### ASSIGNED TASK
Nothing but a verbatim copy of the data, minus the images, should be returned.

DATA START

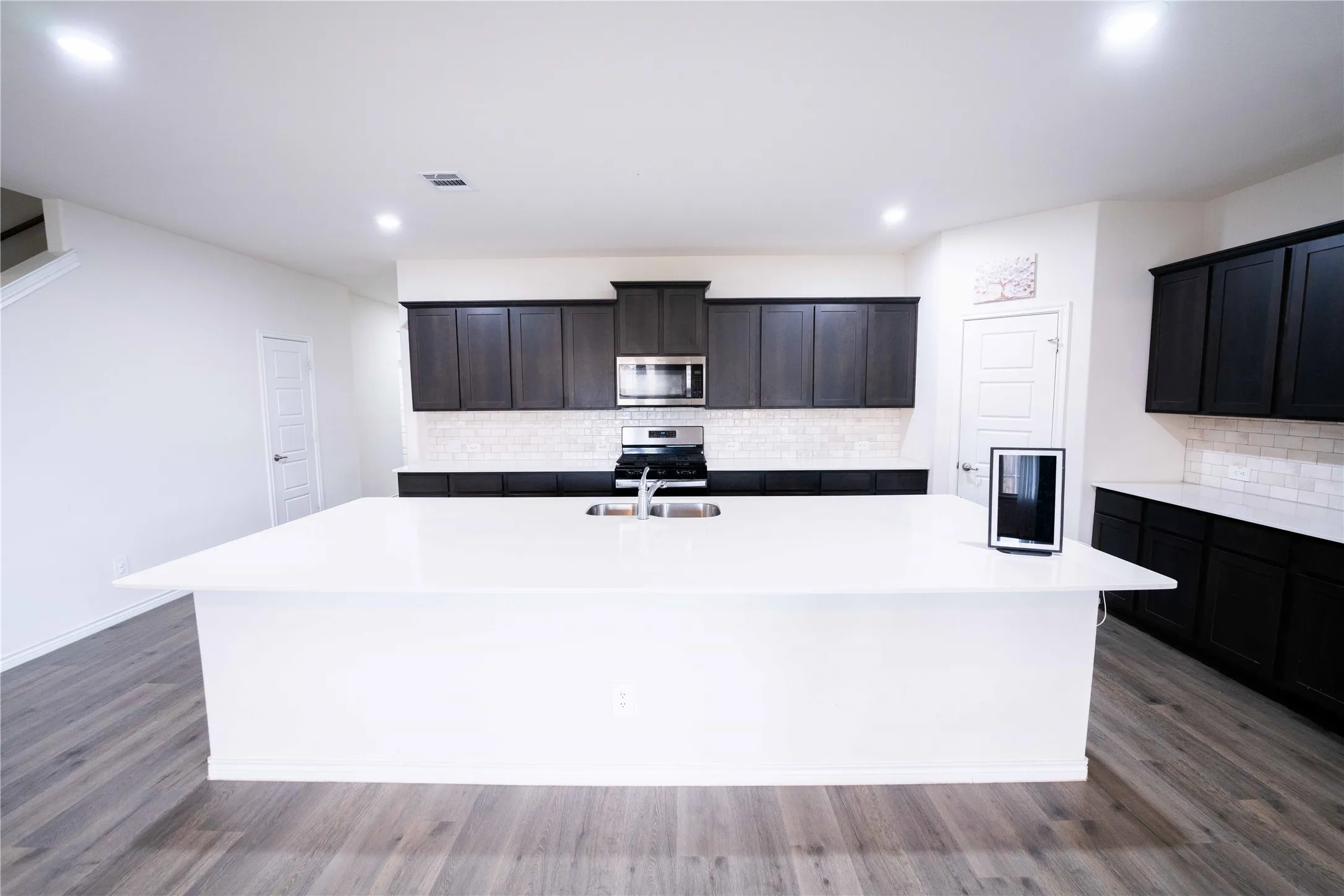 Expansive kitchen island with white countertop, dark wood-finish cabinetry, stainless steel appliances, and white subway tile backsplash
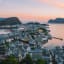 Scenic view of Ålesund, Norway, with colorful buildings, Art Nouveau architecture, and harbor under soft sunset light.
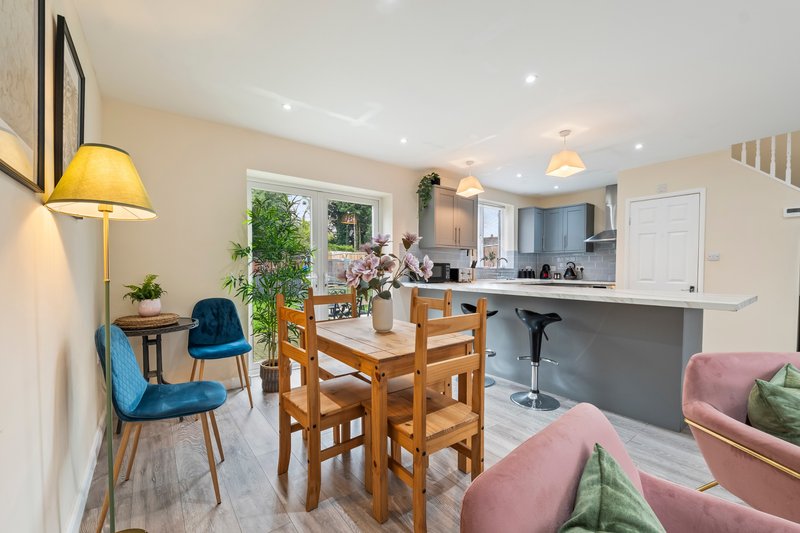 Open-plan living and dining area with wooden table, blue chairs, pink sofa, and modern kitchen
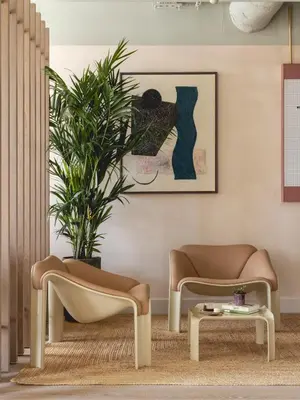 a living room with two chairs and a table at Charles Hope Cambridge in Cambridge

DATA END

### RESULT BELOW
 Expansive kitchen island with white countertop, dark wood-finish cabinetry, stainless steel appliances, and white subway tile backsplash
 Scenic view of Ålesund, Norway, with colorful buildings, Art Nouveau architecture, and harbor under soft sunset light.
 Open-plan living and dining area with wooden table, blue chairs, pink sofa, and modern kitchen
 a living room with two chairs and a table at Charles Hope Cambridge in Cambridge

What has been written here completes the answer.